Crawled caption data:
▼

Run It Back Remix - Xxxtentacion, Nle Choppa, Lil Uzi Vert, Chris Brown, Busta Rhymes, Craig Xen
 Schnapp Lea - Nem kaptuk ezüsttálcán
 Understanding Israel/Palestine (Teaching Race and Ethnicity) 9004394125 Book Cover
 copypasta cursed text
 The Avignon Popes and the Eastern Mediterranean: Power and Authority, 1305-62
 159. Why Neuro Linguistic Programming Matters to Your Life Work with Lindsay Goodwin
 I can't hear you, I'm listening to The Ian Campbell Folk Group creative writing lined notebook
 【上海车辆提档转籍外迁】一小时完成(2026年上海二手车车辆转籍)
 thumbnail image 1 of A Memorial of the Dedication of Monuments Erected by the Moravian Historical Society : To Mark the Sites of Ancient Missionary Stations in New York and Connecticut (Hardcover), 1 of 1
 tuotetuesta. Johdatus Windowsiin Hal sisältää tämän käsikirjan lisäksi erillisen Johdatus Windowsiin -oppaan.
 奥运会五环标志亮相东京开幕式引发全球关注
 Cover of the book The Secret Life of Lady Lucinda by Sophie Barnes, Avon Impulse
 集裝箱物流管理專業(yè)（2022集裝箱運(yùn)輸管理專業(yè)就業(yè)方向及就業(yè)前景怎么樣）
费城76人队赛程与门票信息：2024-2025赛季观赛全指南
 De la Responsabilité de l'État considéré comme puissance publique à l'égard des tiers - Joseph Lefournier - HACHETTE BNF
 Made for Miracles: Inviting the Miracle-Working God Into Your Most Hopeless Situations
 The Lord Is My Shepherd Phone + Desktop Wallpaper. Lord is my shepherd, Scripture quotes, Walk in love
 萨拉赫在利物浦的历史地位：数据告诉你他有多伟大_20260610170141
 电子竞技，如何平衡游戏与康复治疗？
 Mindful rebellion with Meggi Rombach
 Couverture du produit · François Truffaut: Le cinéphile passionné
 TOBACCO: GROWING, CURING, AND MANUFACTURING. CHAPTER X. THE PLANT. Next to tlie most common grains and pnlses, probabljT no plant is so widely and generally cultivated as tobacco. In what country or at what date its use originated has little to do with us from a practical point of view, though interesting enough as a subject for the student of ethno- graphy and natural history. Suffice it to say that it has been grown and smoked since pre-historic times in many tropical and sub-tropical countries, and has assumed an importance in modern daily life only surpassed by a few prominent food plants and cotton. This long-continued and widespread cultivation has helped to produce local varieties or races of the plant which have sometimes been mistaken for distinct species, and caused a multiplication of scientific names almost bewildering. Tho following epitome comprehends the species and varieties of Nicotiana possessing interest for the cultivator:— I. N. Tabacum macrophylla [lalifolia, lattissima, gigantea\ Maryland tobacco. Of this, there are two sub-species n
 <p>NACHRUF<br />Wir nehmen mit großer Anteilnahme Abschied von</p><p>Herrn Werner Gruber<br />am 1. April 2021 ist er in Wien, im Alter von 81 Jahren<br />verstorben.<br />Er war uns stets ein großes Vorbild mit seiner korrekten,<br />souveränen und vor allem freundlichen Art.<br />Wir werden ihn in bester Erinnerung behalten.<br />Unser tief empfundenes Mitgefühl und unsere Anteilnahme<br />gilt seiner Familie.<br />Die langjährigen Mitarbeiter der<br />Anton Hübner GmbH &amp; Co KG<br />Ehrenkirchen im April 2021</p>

▲

**What the task requires**
Exactly as shown above, return every record.

**Task solution**
Run It Back Remix - Xxxtentacion, Nle Choppa, Lil Uzi Vert, Chris Brown, Busta Rhymes, Craig Xen
 Schnapp Lea - Nem kaptuk ezüsttálcán
 Understanding Israel/Palestine (Teaching Race and Ethnicity) 9004394125 Book Cover
 copypasta cursed text
 The Avignon Popes and the Eastern Mediterranean: Power and Authority, 1305-62
 159. Why Neuro Linguistic Programming Matters to Your Life Work with Lindsay Goodwin
 I can't hear you, I'm listening to The Ian Campbell Folk Group creative writing lined notebook
 【上海车辆提档转籍外迁】一小时完成(2026年上海二手车车辆转籍)
 thumbnail image 1 of A Memorial of the Dedication of Monuments Erected by the Moravian Historical Society : To Mark the Sites of Ancient Missionary Stations in New York and Connecticut (Hardcover), 1 of 1
 tuotetuesta. Johdatus Windowsiin Hal sisältää tämän käsikirjan lisäksi erillisen Johdatus Windowsiin -oppaan.
 奥运会五环标志亮相东京开幕式引发全球关注
 Cover of the book The Secret Life of Lady Lucinda by Sophie Barnes, Avon Impulse
 集裝箱物流管理專業(yè)（2022集裝箱運(yùn)輸管理專業(yè)就業(yè)方向及就業(yè)前景怎么樣）
费城76人队赛程与门票信息：2024-2025赛季观赛全指南
 De la Responsabilité de l'État considéré comme puissance publique à l'égard des tiers - Joseph Lefournier - HACHETTE BNF
 Made for Miracles: Inviting the Miracle-Working God Into Your Most Hopeless Situations
 The Lord Is My Shepherd Phone + Desktop Wallpaper. Lord is my shepherd, Scripture quotes, Walk in love
 萨拉赫在利物浦的历史地位：数据告诉你他有多伟大_20260610170141
 电子竞技，如何平衡游戏与康复治疗？
 Mindful rebellion with Meggi Rombach
 Couverture du produit · François Truffaut: Le cinéphile passionné
 TOBACCO: GROWING, CURING, AND MANUFACTURING. CHAPTER X. THE PLANT. Next to tlie most common grains and pnlses, probabljT no plant is so widely and generally cultivated as tobacco. In what country or at what date its use originated has little to do with us from a practical point of view, though interesting enough as a subject for the student of ethno- graphy and natural history. Suffice it to say that it has been grown and smoked since pre-historic times in many tropical and sub-tropical countries, and has assumed an importance in modern daily life only surpassed by a few prominent food plants and cotton. This long-continued and widespread cultivation has helped to produce local varieties or races of the plant which have sometimes been mistaken for distinct species, and caused a multiplication of scientific names almost bewildering. Tho following epitome comprehends the species and varieties of Nicotiana possessing interest for the cultivator:— I. N. Tabacum macrophylla [lalifolia, lattissima, gigantea\ Maryland tobacco. Of this, there are two sub-species n
 <p>NACHRUF<br />Wir nehmen mit großer Anteilnahme Abschied von</p><p>Herrn Werner Gruber<br />am 1. April 2021 ist er in Wien, im Alter von 81 Jahren<br />verstorben.<br />Er war uns stets ein großes Vorbild mit seiner korrekten,<br />souveränen und vor allem freundlichen Art.<br />Wir werden ihn in bester Erinnerung behalten.<br />Unser tief empfundenes Mitgefühl und unsere Anteilnahme<br />gilt seiner Familie.<br />Die langjährigen Mitarbeiter der<br />Anton Hübner GmbH &amp; Co KG<br />Ehrenkirchen im April 2021</p>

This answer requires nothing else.